Zusammengerollt lag sie da. Ihr war kalt. Die Decke lag vor ihr, knapp außerhalb ihrer Reichweite. Sie hätte sich bewegen müssen, um sie zu erreichen. Doch sie konnte sich nicht bewegen, innerlich wie äußerlich war sie erstarrt. Die Kälte nahm zu und schenkte ihr die willkommene Ablenkung, nur an sie denken zu müssen.
Mehrere Minuten brauchte sie, bis sie sich dazu überwinden konnte, ihre innerlichen Fesseln zu sprengen und so viel Bewegung in sich zu bringen, um eine Ecke der Decke ergreifen zu können. Endlich bedeckt. Eine sofortige Besserung des Kältegefühls setzte ein, doch keine Heilung war möglich. Zu tief saß sie in ihr, diese Kälte. Es würde sehr lange dauern, sie ohne äußere Wärme zu vertreiben. Es erschien ihr für den Moment unmöglich, sie aus eigenen Kräften zu besiegen.
Er war zu weit gegangen. Sie war zu weit gegangen. Sie beide waren zu weit gegangen.
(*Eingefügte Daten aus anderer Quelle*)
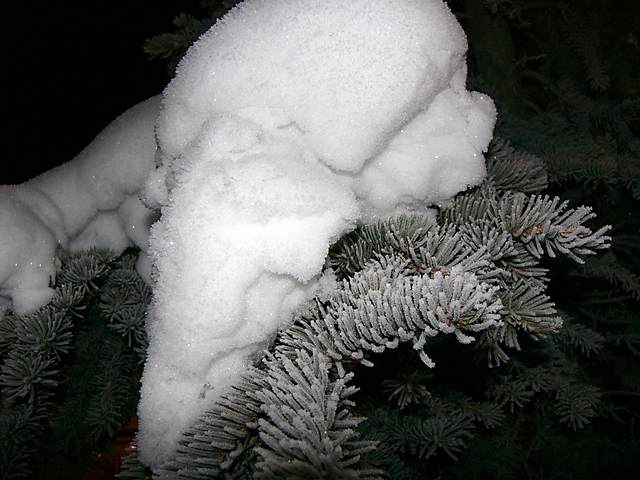 Heavy snow atop hoar frost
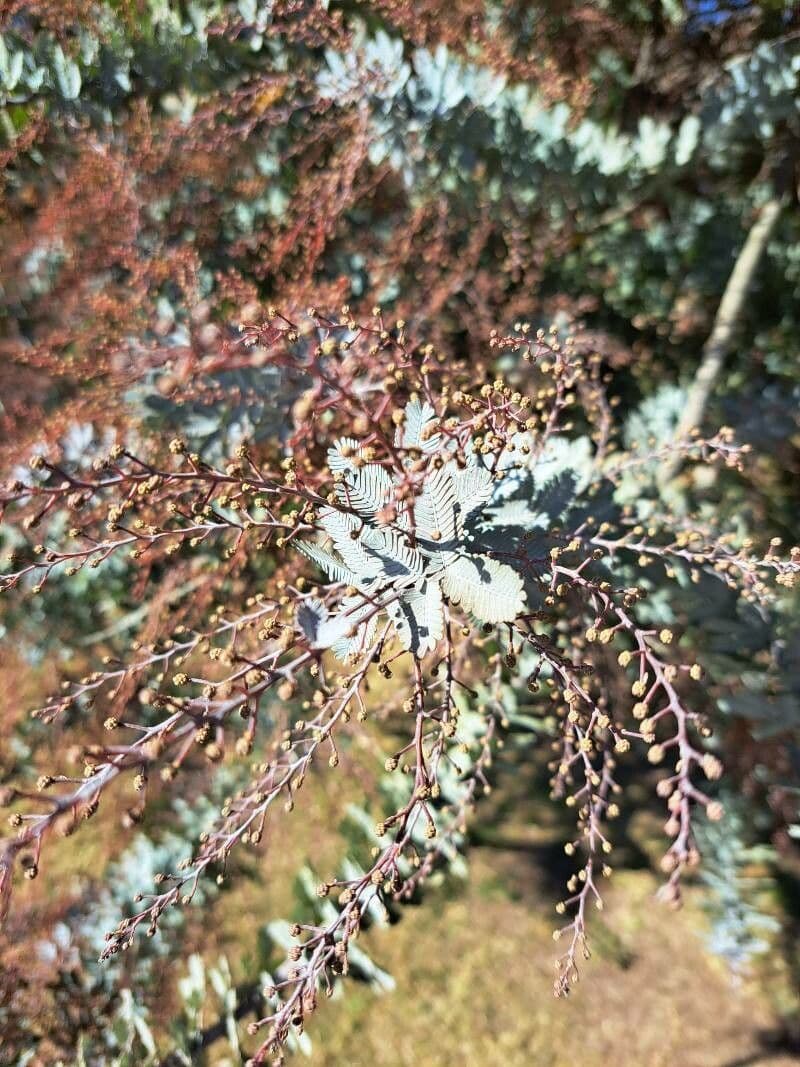 Acacia di Bailey 20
Konnte sie ihm das zum Vorwurf machen? Hatte sie nicht zugestimmt? Erweiterung der Grenzen nannte man das wohl. Musste man doch schließlich ab und an machen. Stillstand war doch schlecht, oder etwa nicht? War sie schlecht, da es ihr zu weit gegangen war? War sie nicht gut genug, es zu ertragen? Hätte er nicht erkennen müssen, dass es eine Linie in ihr überschritten hatte, die sie niemals überschreiten wollte, die sie niemals überschreiten hätte sollen? Und doch hat sie es getan. Warum hatte er nicht aufgehört? Natürlich, sie hatte nichts gesagt, aber sollten diese dominanten Menschen nicht Gedanken lesen können? Waren sie nicht diese allwissenden, ständig souveränen Übermenschen? Lohnte es sich sonst, sich ihnen zu unterwerfen, wenn sie es nicht waren?
Sie würde das, was sie getan hatte, ein Leben lang mit sich herumtragen. Dieses Bild würde sie nie wieder loslassen können.
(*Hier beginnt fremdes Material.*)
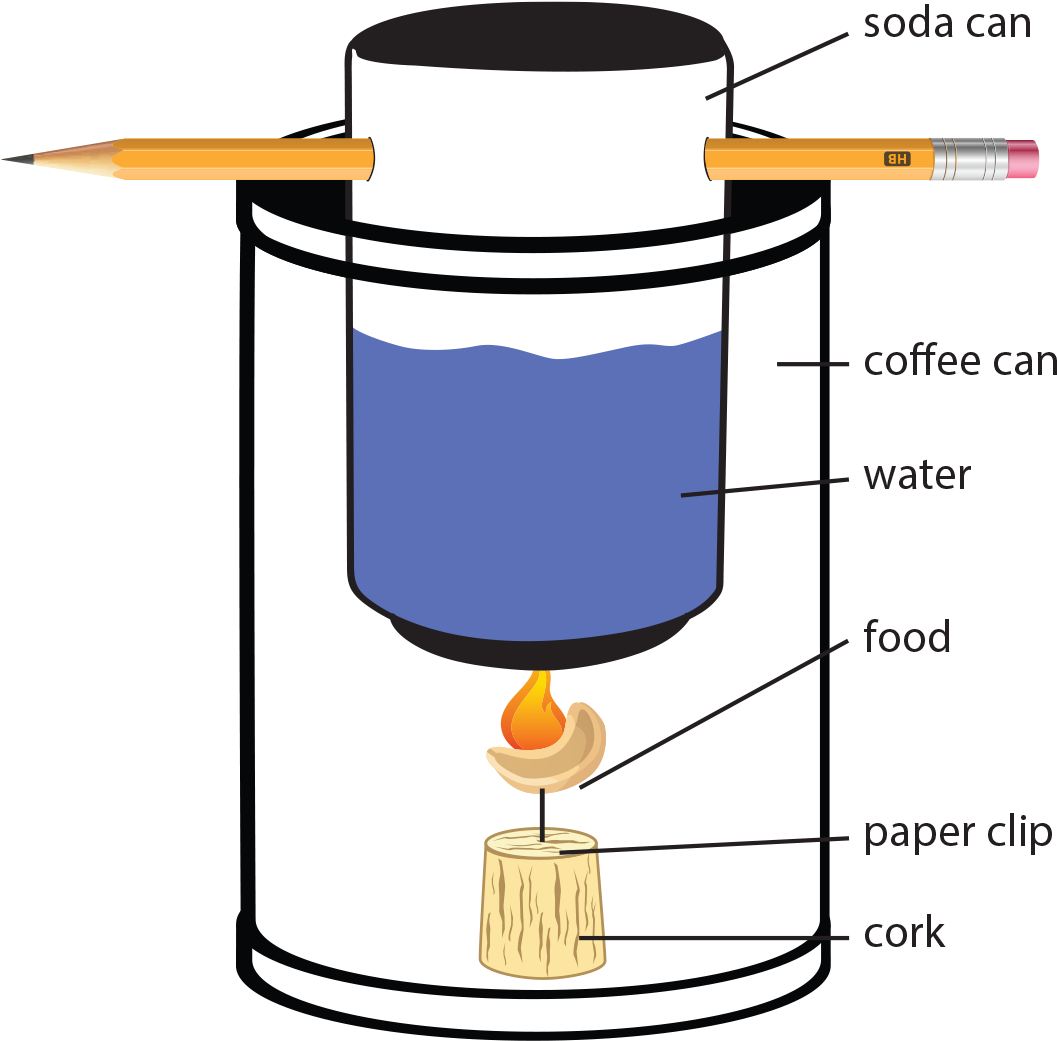 Construction Of The Of The Bomb Calorimeter - Agriculture In The Classroom (1114x1084)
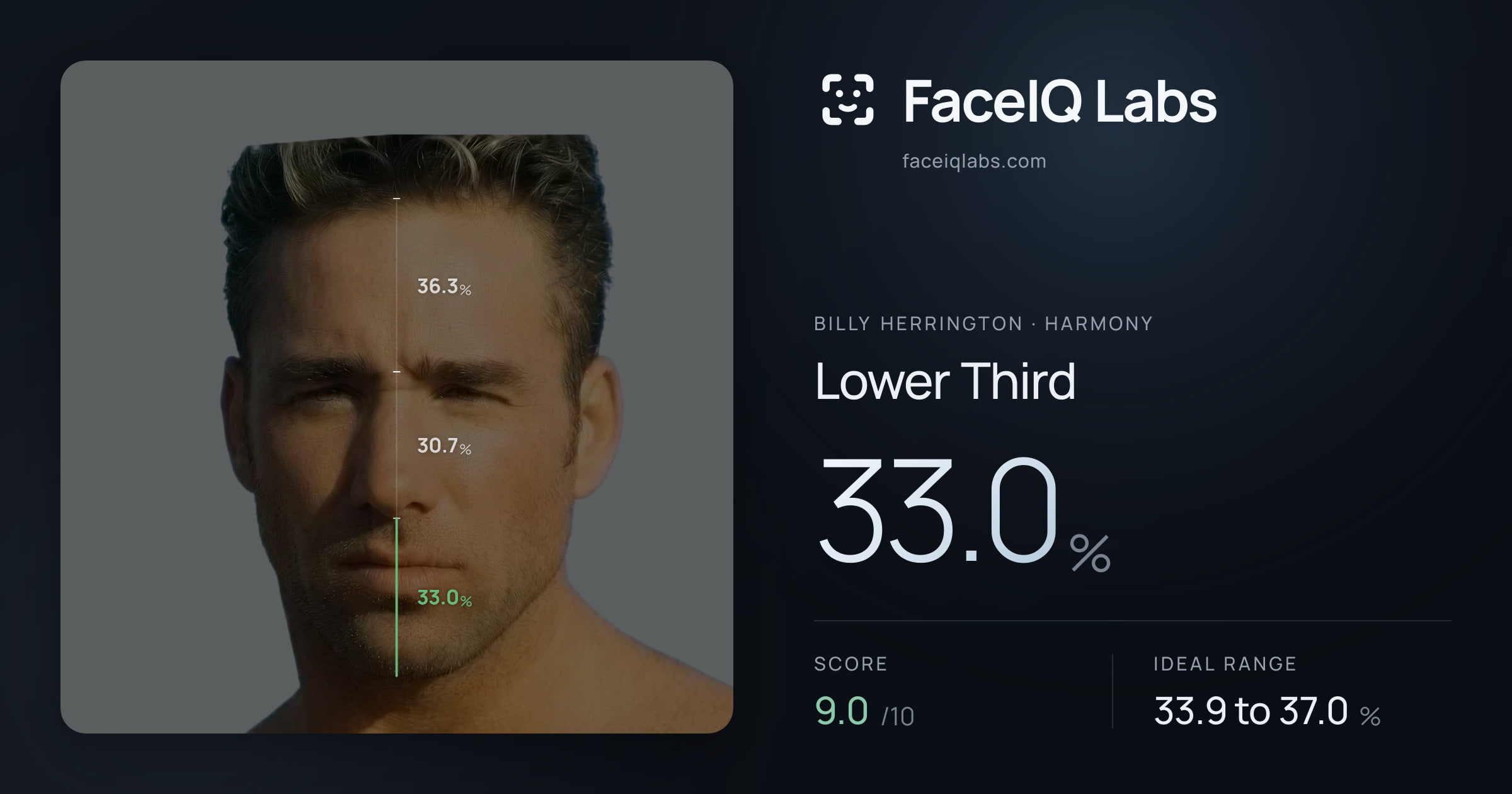 Billy Herrington Lower Third: 33.0%, drawn on the photo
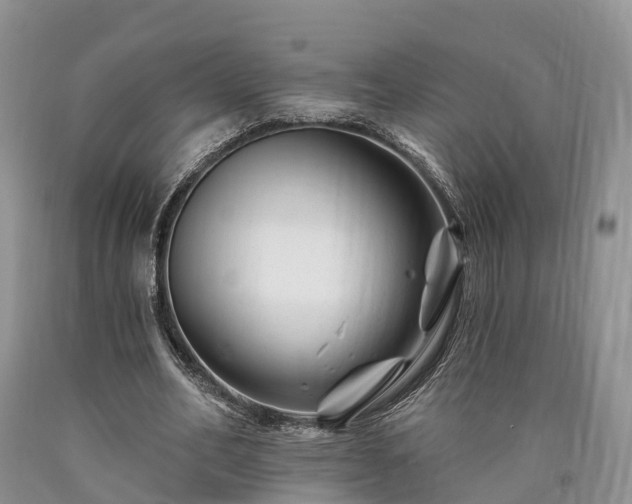 X0000090480582200707201417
„Hier bist Du ja noch immer. Alles gut?“
Sie nickte.
„Mir ist kalt“, fügte sie nach ein paar Sekunden hinzu.
„Na komm, ich wärme Dich.“
Er kroch zu ihr unter die Decke. Sein Körper strahlte Wärme aus, die sie dankbar annahm. Die Wärme verschaffte ihr Linderung. Sein Körper fühlte sich dennoch fremd an. Sie musste an sich halten, sich nicht zu versteifen.
Ihr Körper saugte die Wärme auf. Er absorbierte sie und wurde dennoch nicht richtig warm. Nur ein wenig, an manchen Stellen. Ihre Füße und ihre innere Mitte blieben jedoch eiskalt. Sie zitterte. Innerlich oder auch äußerlich?
„Ich bin sehr stolz auf Dich, dass Du Dich darauf eingelassen hast!“, wurde in ihr Ohr geflüstert.
Sie war leer, sie war beschämt, sie war auf eine ungute Art erniedrigt, sie war kalt, aber sie war nicht stolz. Nicht ansatzweise.
„Ich wusste, dass Du Dich eines Tages darauf einlassen wirst!“, ging das Flüstern weiter.
Nein, er konnte definitiv keine Gedanken lesen. Er konnte auch nicht ihre Gefühle lesen. Er konnte sie nicht lesen. War sie zu streng mit ihm? Musste er nicht spüren, dass sie ganz und gar nicht in Ordnung war?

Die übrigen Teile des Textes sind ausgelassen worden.